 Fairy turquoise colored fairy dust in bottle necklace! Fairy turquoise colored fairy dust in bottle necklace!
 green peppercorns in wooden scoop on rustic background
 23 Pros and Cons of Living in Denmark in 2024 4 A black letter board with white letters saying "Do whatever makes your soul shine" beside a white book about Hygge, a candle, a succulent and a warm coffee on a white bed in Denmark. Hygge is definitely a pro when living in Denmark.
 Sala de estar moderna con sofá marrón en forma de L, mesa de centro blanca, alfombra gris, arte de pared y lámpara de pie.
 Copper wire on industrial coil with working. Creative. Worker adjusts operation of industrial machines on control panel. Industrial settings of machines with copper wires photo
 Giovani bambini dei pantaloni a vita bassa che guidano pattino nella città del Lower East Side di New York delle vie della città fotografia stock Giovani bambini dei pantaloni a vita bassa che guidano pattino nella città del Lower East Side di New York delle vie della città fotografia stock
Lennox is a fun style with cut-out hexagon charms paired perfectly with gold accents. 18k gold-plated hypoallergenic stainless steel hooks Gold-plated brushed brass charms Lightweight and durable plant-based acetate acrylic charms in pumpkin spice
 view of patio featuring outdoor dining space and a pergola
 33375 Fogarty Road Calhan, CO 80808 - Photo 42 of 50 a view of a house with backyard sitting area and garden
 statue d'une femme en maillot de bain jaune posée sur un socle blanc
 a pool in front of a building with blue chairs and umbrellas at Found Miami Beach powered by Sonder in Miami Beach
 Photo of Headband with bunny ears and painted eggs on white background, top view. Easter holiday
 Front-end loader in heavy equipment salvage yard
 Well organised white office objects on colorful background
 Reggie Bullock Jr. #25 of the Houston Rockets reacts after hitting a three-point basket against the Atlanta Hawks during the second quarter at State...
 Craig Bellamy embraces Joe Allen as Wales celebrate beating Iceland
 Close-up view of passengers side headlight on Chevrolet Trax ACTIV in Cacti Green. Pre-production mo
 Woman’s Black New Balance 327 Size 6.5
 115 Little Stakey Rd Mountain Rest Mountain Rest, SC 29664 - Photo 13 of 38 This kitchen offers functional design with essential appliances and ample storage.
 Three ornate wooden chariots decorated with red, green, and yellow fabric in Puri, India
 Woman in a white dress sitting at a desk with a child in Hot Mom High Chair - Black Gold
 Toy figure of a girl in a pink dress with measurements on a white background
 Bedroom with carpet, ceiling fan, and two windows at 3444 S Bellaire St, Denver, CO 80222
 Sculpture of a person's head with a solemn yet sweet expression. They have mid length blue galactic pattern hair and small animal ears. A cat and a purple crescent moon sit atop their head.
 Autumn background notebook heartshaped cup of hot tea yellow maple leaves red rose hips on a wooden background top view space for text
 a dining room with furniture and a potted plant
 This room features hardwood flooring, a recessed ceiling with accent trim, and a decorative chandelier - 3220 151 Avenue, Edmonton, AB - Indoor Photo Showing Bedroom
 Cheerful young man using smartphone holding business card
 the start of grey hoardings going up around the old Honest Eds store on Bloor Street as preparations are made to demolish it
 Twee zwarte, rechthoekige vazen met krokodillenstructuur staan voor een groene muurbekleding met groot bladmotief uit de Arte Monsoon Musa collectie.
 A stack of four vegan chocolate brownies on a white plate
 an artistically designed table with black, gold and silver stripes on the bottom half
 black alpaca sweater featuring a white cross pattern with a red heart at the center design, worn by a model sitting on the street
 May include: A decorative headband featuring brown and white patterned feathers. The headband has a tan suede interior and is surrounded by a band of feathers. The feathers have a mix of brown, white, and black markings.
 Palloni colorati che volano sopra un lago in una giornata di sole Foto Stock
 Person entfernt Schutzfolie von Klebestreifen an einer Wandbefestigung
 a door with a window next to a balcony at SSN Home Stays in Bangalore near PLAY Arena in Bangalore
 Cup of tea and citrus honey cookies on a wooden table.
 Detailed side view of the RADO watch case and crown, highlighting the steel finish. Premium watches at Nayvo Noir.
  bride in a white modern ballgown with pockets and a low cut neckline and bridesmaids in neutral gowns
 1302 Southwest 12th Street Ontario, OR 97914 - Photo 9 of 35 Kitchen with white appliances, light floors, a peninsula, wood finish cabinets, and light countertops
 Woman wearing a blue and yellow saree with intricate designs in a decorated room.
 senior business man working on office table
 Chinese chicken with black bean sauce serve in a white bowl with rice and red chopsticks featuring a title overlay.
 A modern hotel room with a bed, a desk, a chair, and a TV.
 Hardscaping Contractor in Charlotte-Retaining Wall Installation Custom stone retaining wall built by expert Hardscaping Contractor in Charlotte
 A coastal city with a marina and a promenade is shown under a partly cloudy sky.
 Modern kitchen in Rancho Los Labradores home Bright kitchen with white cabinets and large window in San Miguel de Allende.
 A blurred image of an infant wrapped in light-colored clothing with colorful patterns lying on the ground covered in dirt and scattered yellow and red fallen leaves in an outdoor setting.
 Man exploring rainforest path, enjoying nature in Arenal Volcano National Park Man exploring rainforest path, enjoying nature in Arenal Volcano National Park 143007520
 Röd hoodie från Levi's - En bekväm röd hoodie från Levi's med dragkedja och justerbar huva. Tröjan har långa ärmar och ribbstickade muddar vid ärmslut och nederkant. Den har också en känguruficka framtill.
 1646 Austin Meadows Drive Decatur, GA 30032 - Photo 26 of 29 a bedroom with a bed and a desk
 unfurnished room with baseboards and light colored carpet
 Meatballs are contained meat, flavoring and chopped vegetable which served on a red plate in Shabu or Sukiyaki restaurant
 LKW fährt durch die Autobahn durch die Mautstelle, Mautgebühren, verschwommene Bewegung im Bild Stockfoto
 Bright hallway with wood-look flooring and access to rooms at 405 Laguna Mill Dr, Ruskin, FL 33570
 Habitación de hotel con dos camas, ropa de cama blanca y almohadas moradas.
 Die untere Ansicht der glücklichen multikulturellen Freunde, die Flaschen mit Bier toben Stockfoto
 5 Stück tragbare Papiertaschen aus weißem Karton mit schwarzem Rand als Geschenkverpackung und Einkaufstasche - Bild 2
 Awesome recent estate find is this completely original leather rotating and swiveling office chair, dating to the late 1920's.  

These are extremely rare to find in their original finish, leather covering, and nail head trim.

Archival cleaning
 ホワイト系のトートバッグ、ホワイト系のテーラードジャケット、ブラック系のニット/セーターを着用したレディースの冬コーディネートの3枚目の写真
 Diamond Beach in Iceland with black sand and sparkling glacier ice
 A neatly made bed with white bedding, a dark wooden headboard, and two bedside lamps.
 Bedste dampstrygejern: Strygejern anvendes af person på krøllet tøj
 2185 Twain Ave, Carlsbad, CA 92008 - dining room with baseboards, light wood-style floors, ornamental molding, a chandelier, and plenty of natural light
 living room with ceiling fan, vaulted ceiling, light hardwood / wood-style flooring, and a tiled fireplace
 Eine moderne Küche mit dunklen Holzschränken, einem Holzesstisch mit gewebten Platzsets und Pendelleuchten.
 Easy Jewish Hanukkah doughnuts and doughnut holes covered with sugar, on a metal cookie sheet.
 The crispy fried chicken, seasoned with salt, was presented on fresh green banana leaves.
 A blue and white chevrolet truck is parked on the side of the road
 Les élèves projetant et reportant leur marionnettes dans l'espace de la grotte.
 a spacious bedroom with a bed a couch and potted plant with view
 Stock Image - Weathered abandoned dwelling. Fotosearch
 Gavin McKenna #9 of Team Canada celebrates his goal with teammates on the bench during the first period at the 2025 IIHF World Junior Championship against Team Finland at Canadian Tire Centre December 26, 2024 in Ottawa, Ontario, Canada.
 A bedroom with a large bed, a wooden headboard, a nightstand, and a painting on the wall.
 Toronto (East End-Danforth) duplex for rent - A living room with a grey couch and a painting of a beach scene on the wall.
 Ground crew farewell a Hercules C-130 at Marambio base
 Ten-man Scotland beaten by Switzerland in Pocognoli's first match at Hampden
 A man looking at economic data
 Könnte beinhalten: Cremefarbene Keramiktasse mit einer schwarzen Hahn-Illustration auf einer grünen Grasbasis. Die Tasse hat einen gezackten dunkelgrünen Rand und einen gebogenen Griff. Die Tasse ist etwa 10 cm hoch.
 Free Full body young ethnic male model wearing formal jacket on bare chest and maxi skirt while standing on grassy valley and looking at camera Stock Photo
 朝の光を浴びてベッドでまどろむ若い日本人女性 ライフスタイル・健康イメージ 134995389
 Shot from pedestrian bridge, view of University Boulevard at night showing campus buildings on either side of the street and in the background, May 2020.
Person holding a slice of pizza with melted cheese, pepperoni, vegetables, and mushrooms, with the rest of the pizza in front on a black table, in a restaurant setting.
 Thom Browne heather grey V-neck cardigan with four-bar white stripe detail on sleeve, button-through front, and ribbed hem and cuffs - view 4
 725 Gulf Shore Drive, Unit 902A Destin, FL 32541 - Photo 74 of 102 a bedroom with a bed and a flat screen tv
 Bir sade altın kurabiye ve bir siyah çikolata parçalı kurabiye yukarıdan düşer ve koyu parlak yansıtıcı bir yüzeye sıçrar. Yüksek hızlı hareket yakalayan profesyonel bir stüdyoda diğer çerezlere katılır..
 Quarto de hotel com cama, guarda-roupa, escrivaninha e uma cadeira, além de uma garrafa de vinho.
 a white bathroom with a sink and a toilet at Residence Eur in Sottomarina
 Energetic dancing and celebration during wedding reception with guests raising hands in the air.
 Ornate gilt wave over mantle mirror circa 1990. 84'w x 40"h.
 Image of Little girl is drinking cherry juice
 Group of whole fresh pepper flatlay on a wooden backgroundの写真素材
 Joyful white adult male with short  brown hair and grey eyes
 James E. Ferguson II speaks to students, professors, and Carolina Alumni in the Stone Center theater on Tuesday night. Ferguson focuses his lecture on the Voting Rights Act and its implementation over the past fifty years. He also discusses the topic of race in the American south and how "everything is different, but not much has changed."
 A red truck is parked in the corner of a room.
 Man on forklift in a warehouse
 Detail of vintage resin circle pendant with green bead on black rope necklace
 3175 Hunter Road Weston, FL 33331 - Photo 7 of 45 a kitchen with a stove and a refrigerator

**********

* **TASK REQUIREMENTS**
Output the lines above between the one holding "Detailed side view" and the one holding "bride in a white", inclusive, with nothing before or after them.

* **PROBLEM SOLUTION**
 Detailed side view of the RADO watch case and crown, highlighting the steel finish. Premium watches at Nayvo Noir.
  bride in a white modern ballgown with pockets and a low cut neckline and bridesmaids in neutral gowns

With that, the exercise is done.